Excertos retirados de Hemeroteca Digital - O 25 de Abril na imprensa estrangeira
@RTP
Poder militar em Portugal, pelo Padre Adrian Hastings (The Times, Londres, 29 Mai. 1975)
Exmo. Senhor: Como um dos que simpatizaram profundamente com todo o curso da revolução portuguesa desde Abril de 1974, e como alguém que repetidas vezes defendeu a sinceridade, bom-senso e manifesta brandura da sua chefia militar contra as críticas apressadas e mal informadas, possa eu dizer isto àqueles chefes enquanto se encontram na base de decisões provavelmente irreversíveis:
É perigoso exagerar a «legitimidade» que o Movimento das Forças Armadas adquiriu pela revolução, assim como é especioso exagerar a imaturidade política do povo português para justificar a longa permanência do poder militar. Derrubastes Caetano porque só vós tínheis as armas. Iludis-vos se pensais que isto vos dá uma garantia permanente para serdes os verdadeiros porta-vozes do conjunto da nação. Esse foi o vosso papel no ano passado, pode sê-lo ainda hoje, mas poderá deixar de o ser amanhã. O povo português não deu provas de querer um poder militar semipermanente nem um partido político único à maneira do Terceiro Mundo, o braço civil do exército, e se vos comprometeis a tal linha, ireis, pouco e pouco, encontrar-vos tão impopulares e tão necessariamente tiranos como Salazar e o seu partido único, a União Nacional. Apesar das vossas boas intenções e reformas genuínas, tereis assumido a posição dos herdeiros e não dos demolidores do fascismo.
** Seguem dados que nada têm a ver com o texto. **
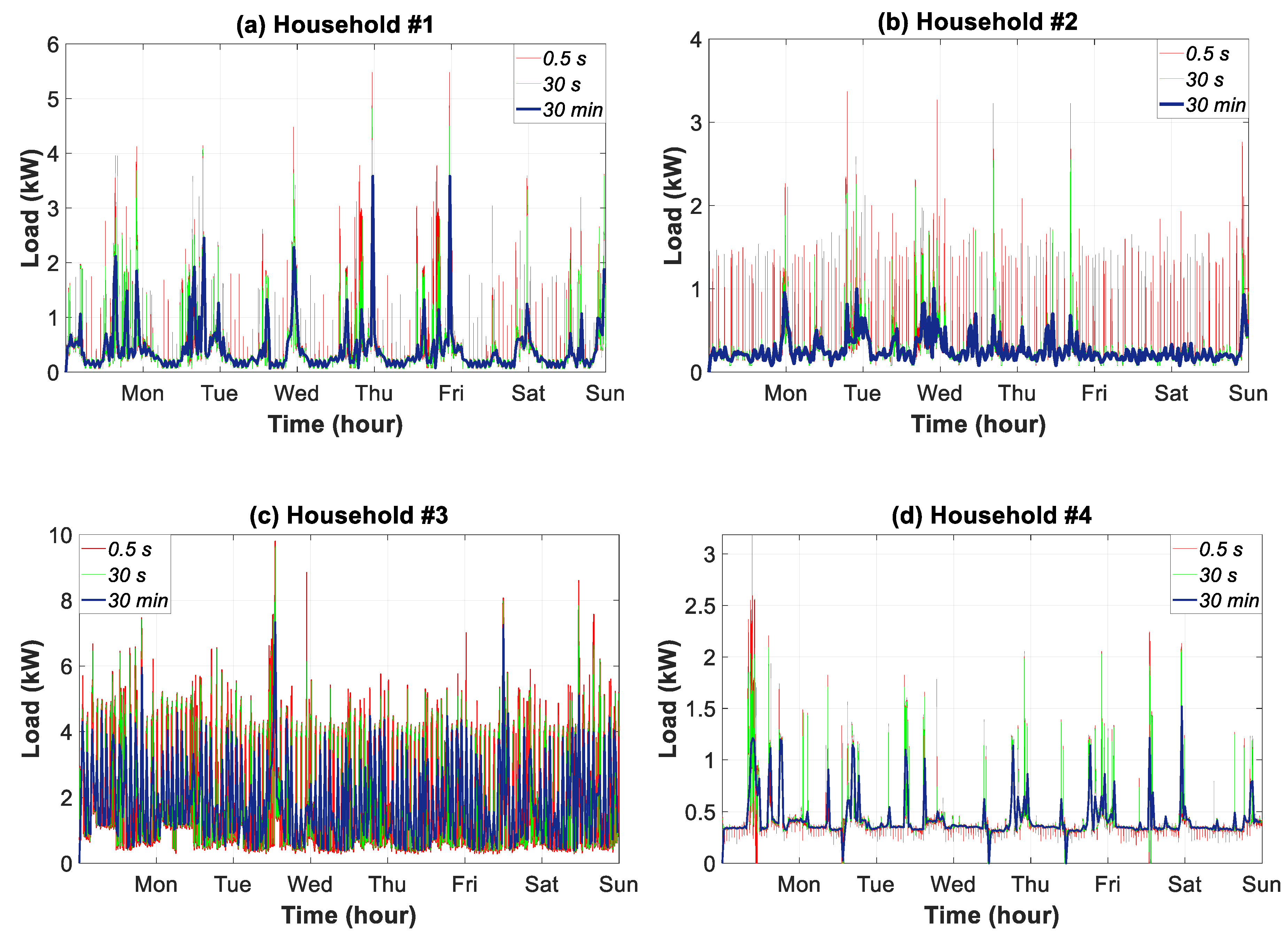 Sensors 20 06034 g009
Não esqueçais a história do vosso próprio passado. Enquanto Mário Soares e Álvaro Cunhal estavam na prisão ou no exílio, estáveis levando a cabo a política africana de Salazar e Caetano. Como só vós sabeis demasiado bem, as maiores atrocidades dos seus regimes deram-se em África, e o exército esteve profundamente envolvido tão profundamente que desde Abril de 1974 nunca fostes capaz de, por vós próprios, os investigar. Muitos de vós sabem porquê. Não julgueis que o espírito do fascismo foi totalmente erradicado do vosso próprio espírito por algum aceno de varinha esquerdista.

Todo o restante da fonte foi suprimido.